((
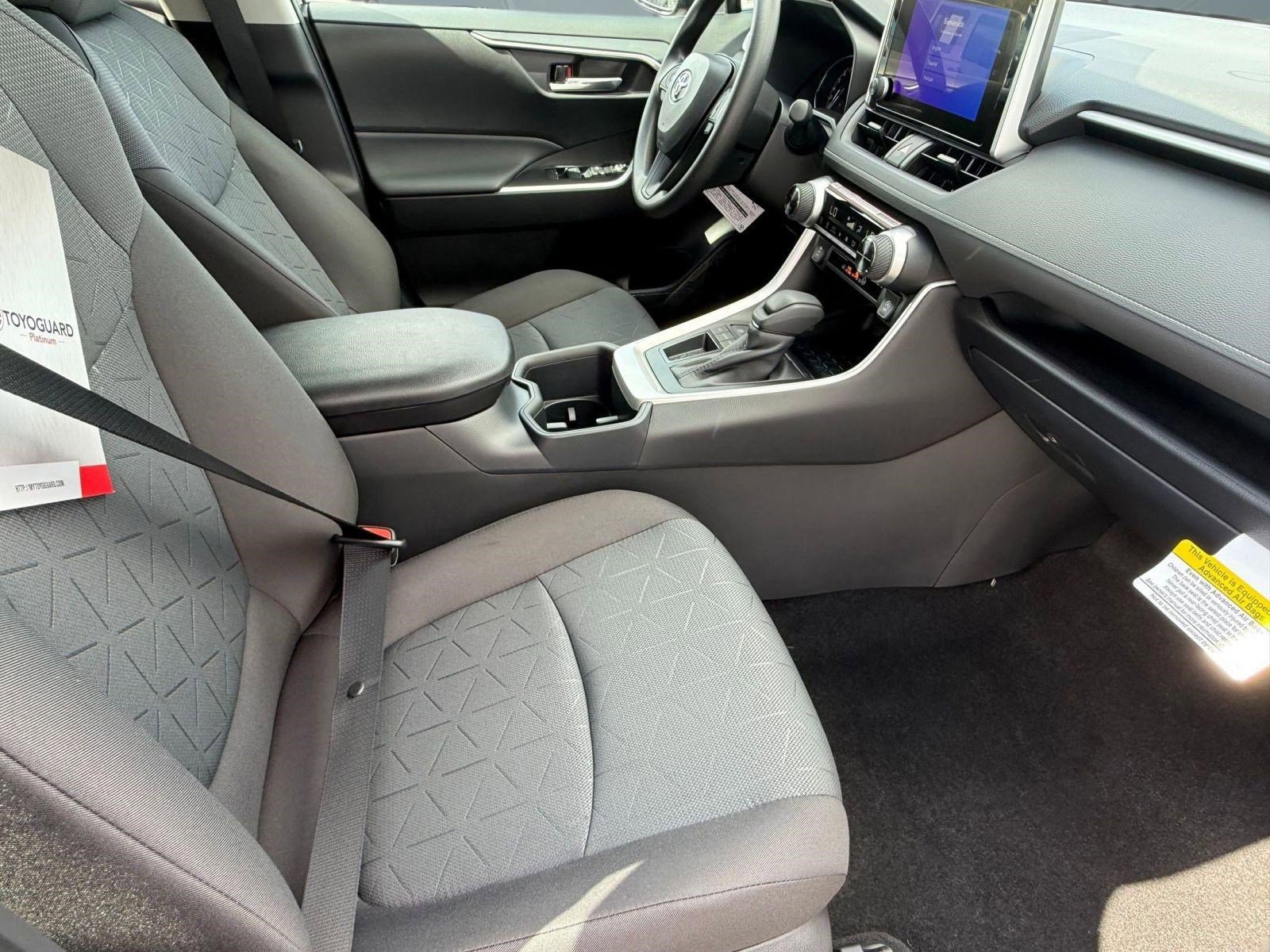 Certified 2025 Toyota RAV4 XLE w/ Convenience Package image 34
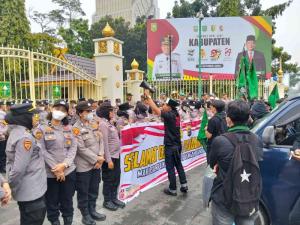 Kabut Asap Belum Teratasi, Mahasiswa UIR-HMI Riau Desak Perhatian soal Beasiswa dan Anggaran Pemprov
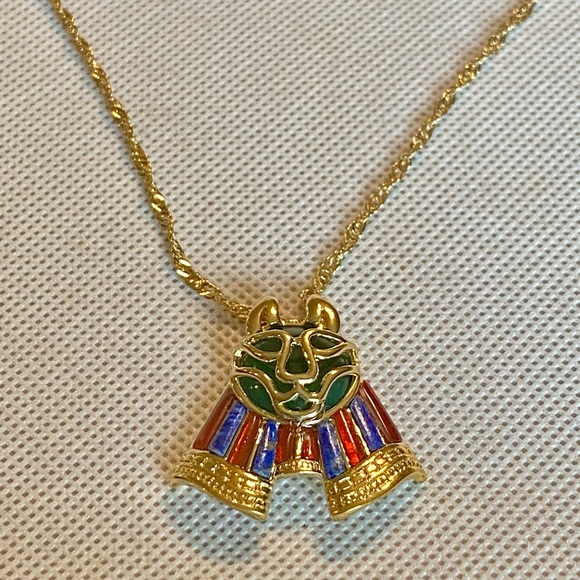 Global Destinations Pendant Necklace - Picture 5 of 9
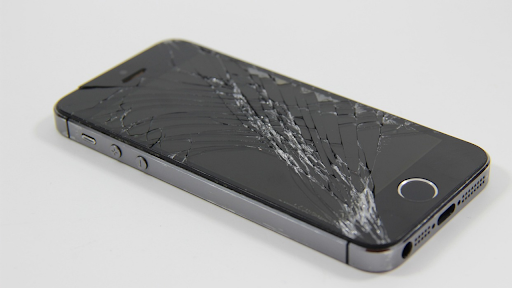 Kan Du Spare Penge Med Professionel iPhone Reparation?
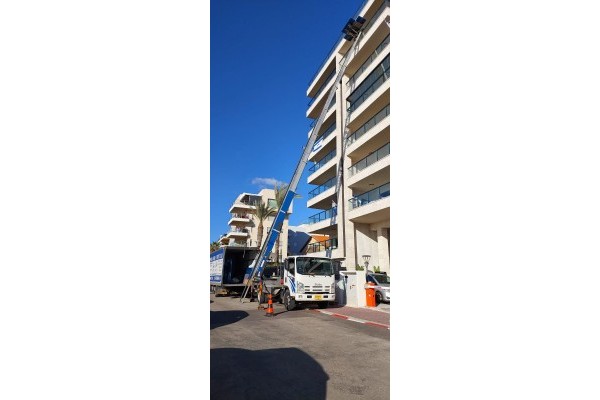 הובלות ומנופי התאומים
))
Without the pictures, write out the listing exactly as it appears above.

### ANSWER BOX
 Certified 2025 Toyota RAV4 XLE w/ Convenience Package image 34
 Kabut Asap Belum Teratasi, Mahasiswa UIR-HMI Riau Desak Perhatian soal Beasiswa dan Anggaran Pemprov
 Global Destinations Pendant Necklace - Picture 5 of 9
 Kan Du Spare Penge Med Professionel iPhone Reparation?
 הובלות ומנופי התאומים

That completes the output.